The course pushed students out of the comfort zone that conventional metaphors provide for oceans, including that they are sewers (for land effluent and ship trash); mines (teeming with fish); battlefields (for the navies of competing world powers); or an aqua nullius (legally, “belonging to no one”). It also upended the deepest and oldest metaphor, that oceans are vast, unknowable fonts of terror and mystery, “this appalling ocean,” novelist Herman Melville wrote, that “surrounds the verdant land.”

Week by week, Bélanger’s students reconsidered ocean analogies: as ground, as territory, as shoreline, as a place for science and law, as infrastructure, as a cold chain of food production, and as a battlefield. (Bélanger and co-author Alexander S. Arroyo, M.L.A. ’13, have a  book underway that includes a case study of “logistic islands,” the atolls and archipelagos claimed by the U.S. military for its military supply chains.)

One week this month, the students also considered the metaphor of the oceans as landscape, talking with seminar guests Jennifer Baichwal and Edward Burtynsky, Canadian filmmakers, who were in Cambridge for the New England debut of their documentary “Watermark.” The film is a sensual, world-sweeping, impressionistic look at humanity’s links to water, its sources, controls, ecological stresses, and diversity of uses, from farms, waterfronts, and fishing grounds to places of retreat and pleasure — as with surfers at California’s Huntington Beach and worshippers at India’s Kumbh Mela festival. The film’s stars include ice core researchers in Greenland, Chinese abalone farmers, and farmers stranded in the desert delta of the Colorado River, which no longer reaches the sea.
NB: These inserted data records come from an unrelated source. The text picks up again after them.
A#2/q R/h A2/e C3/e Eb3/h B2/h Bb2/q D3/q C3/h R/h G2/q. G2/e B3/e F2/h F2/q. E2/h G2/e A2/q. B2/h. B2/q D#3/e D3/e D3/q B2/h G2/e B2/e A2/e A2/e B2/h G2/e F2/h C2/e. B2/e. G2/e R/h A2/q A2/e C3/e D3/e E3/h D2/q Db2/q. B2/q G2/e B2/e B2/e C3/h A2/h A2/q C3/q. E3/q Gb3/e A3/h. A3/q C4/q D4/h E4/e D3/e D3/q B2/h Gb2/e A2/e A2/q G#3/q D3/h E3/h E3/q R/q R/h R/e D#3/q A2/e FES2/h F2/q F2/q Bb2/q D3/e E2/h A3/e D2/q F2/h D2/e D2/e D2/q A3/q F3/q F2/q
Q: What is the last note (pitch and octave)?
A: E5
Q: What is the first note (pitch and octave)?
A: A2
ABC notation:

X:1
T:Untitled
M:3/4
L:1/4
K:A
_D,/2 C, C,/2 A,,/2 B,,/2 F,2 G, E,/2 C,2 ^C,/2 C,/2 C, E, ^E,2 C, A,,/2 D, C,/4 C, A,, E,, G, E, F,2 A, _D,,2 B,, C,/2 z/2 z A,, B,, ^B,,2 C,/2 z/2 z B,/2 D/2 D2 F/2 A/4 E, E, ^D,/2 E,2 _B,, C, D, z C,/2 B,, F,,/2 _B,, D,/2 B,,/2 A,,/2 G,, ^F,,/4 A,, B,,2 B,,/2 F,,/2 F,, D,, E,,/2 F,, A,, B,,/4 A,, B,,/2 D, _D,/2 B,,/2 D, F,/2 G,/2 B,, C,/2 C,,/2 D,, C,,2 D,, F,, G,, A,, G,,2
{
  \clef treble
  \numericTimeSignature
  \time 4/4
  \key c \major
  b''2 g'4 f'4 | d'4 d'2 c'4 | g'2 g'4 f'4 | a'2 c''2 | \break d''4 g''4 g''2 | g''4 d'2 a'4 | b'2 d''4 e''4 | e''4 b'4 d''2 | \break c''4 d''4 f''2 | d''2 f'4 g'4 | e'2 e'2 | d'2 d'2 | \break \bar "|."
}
“The Oceanic Turn” is a research seminar, and film is a medium that deserves its place in the academy, said Bélanger. “Video is the new paper.”

The course has a bigger task too, one that is unfolding in other ways at design schools at Harvard and elsewhere. “It’s to turn our attention to the oceans of the world,” Bélanger said. “The wet world.”

The Harvard-Netherlands Project is a binational collaboration on climate change, water, and land development. Its director and principal investigator, Jerold S. Kayden, Frank Backus Williams Professor of Urban Planning and Design, has overseen two related studios since then (Bélanger co-taught one). Kayden has co-taught a spring 2012 course on urban responses to sea level rise, and he organized two conferences last year that touched on urban water challenges: one on public spaces and another on green infrastructure for city parks. “The Oceanic Turn” accelerates a proven theme already at Harvard and confronting the urban world, said Kayden: “living with water.”

Later this year, a multidisciplinary, Harvard-wide Urban Oceans Project will officially launch. “The intention,” said Bélanger, “is to take this oceanic turn, and to do it publicly and visibly.”

Among other Harvard faculty involved in the project: GSD Professor of Urban Theory Neil Brenner, co-organizer of a planned 2015 Radcliffe Symposium on “The Urban Ocean” and lead instructor in a studio this spring on the urbanized Arctic; Rosetta Elkin, the Daniel Urban Kiley Fellow at GSD and a lecturer in landscape architecture; John Gendall, an instructor in urban planning and design who along with visiting GSD professor Henk Ovink is teaching a studio this spring on New England’s coastal vulnerabilities; and Michael Van Valkenburgh, GSD’s Charles Eliot Professor in Practice of Landscape Architecture, who is teaching a studio this spring called “The Ocean State.”

Grasping this new predominance of ocean thinking is big, long-term work, like a huge ship making a “nine-point turn,” Bélanger said. “We have to educate ourselves first.”